▸ **Exercise directions**
Could you copy the whole listing below exactly as written?

▸ **Data shown**
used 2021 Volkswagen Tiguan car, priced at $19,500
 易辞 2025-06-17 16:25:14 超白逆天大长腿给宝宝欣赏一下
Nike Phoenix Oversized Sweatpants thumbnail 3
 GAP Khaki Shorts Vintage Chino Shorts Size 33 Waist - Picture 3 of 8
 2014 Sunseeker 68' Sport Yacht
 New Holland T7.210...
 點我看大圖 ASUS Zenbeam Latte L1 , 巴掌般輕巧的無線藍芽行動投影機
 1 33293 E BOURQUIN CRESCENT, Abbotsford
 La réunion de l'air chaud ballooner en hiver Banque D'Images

▸ **Result for this task**
used 2021 Volkswagen Tiguan car, priced at $19,500
 易辞 2025-06-17 16:25:14 超白逆天大长腿给宝宝欣赏一下
Nike Phoenix Oversized Sweatpants thumbnail 3
 GAP Khaki Shorts Vintage Chino Shorts Size 33 Waist - Picture 3 of 8
 2014 Sunseeker 68' Sport Yacht
 New Holland T7.210...
 點我看大圖 ASUS Zenbeam Latte L1 , 巴掌般輕巧的無線藍芽行動投影機
 1 33293 E BOURQUIN CRESCENT, Abbotsford
 La réunion de l'air chaud ballooner en hiver Banque D'Images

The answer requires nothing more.